■ YOUR OBJECTIVE: Wherever a picture appears, skip it and retype the rest of the data exactly.

■ MATERIAL FOR THIS TASK:
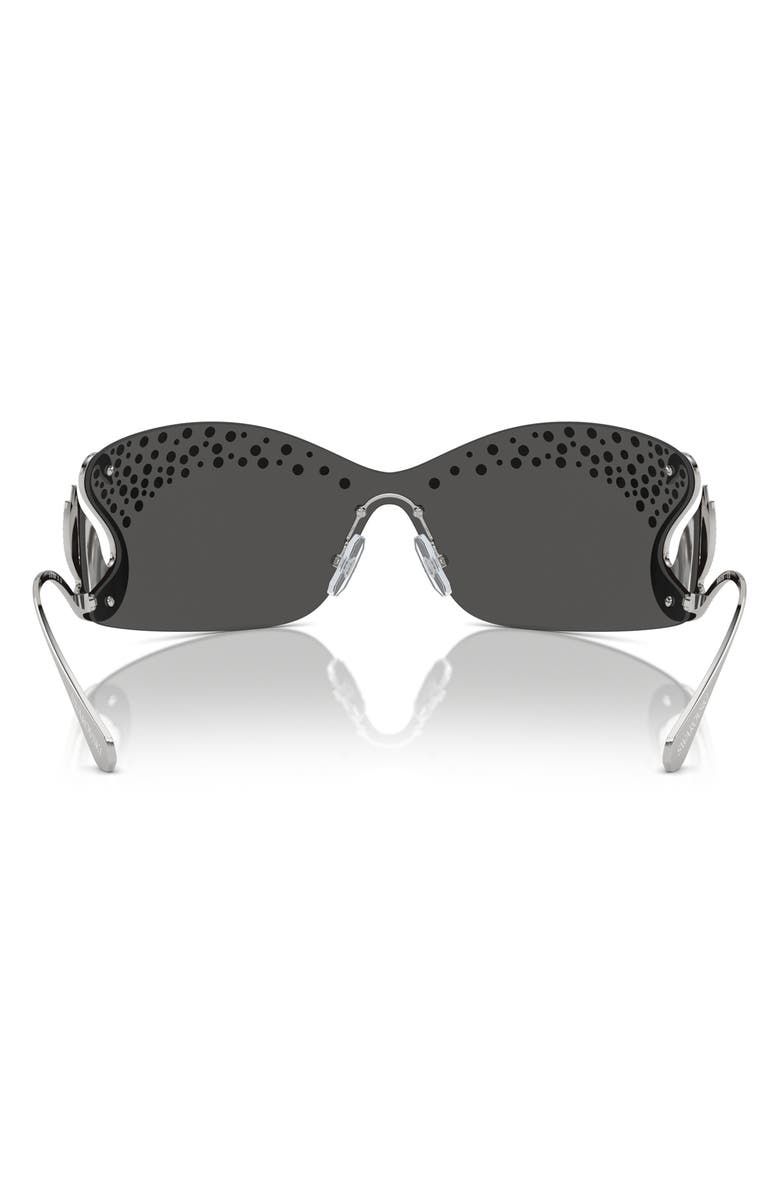 Swarovski 34mm Irregular Sunglasses, Alternate, color, Silver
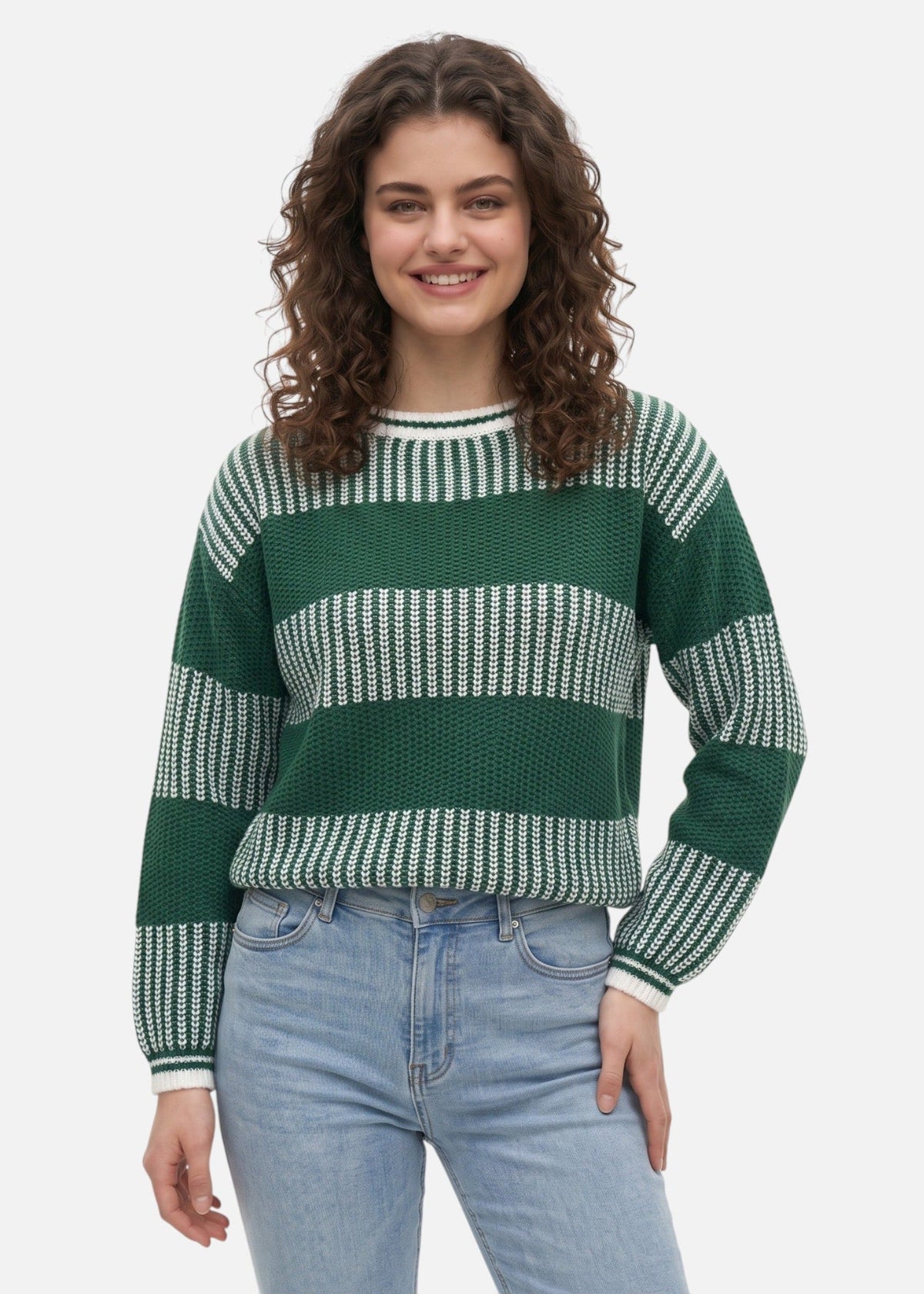 Pull rayé à col rond — Anaëlle — Amielle Paris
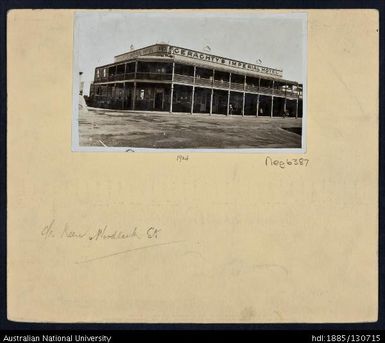 Golan Hotel Lismore card 1 side 2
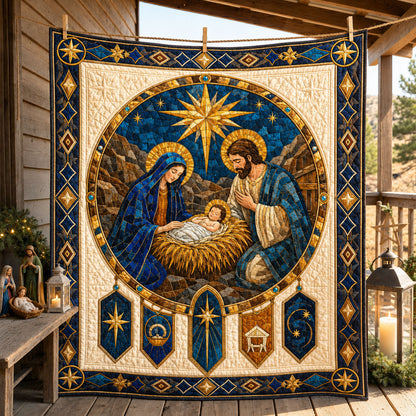 Nativity Star Of Hope Quilted Blanket GFTOHNL2307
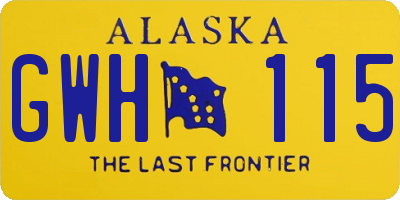 AK license plate GWH115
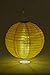 Allsop Home and Garden 31617 Soji Illume 14” LED Outdoor Solar Lantern, Handmade with Weather-Resistant UV Nylon, Marigold (1-Count)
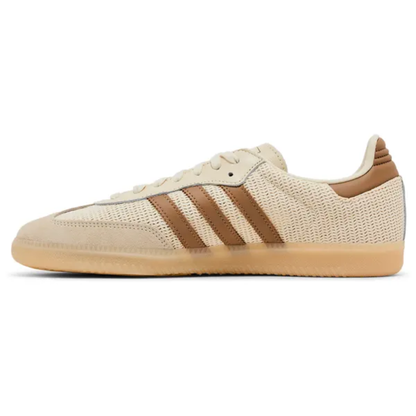 Adidas Originals Men's Cream Samba OG Sneakers, JI3185 (No Box)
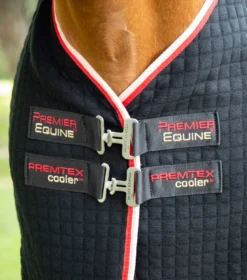 Premier Equine PremTex Horse Cooler Rug Black 7 Premier Equine PremTex Horse Cooler Rug Black -Lemieux Shop Premtex cooler black 3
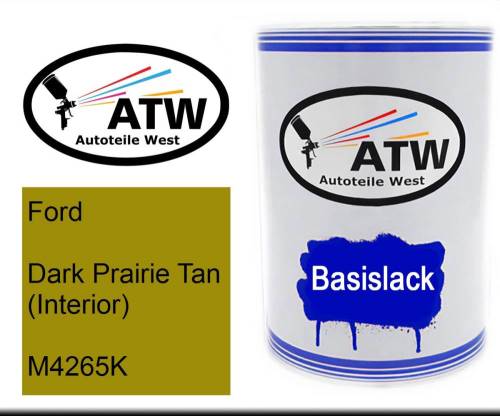Ford, Dark Prairie Tan (Interior), M4265K: 500ml Lackdose, von ATW Autoteile West.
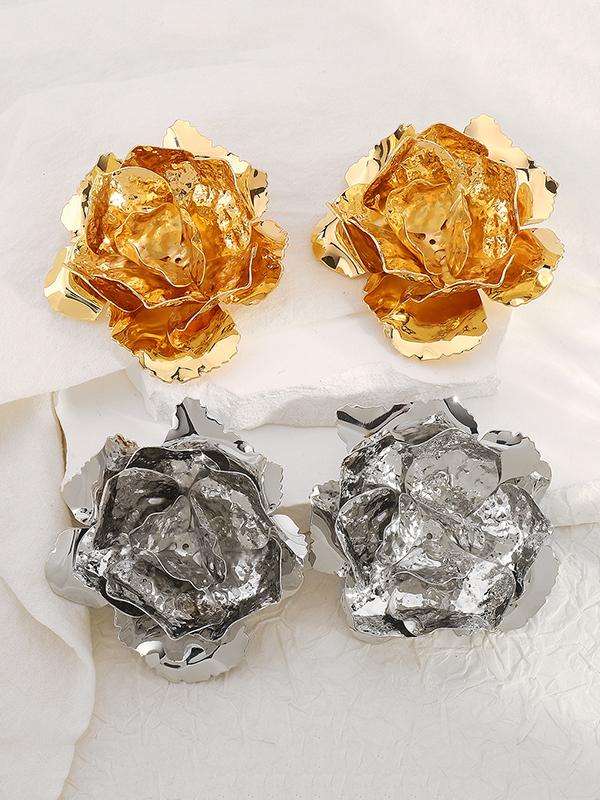 Flower Shape Drop Earrings Product Image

■ TASK SOLUTION:
 Swarovski 34mm Irregular Sunglasses, Alternate, color, Silver
 Pull rayé à col rond — Anaëlle — Amielle Paris
 Golan Hotel Lismore card 1 side 2
 Nativity Star Of Hope Quilted Blanket GFTOHNL2307
 AK license plate GWH115
 Allsop Home and Garden 31617 Soji Illume 14” LED Outdoor Solar Lantern, Handmade with Weather-Resistant UV Nylon, Marigold (1-Count)
 Adidas Originals Men's Cream Samba OG Sneakers, JI3185 (No Box)
 Premier Equine PremTex Horse Cooler Rug Black 7 Premier Equine PremTex Horse Cooler Rug Black -Lemieux Shop Premtex cooler black 3
Ford, Dark Prairie Tan (Interior), M4265K: 500ml Lackdose, von ATW Autoteile West.
 Flower Shape Drop Earrings Product Image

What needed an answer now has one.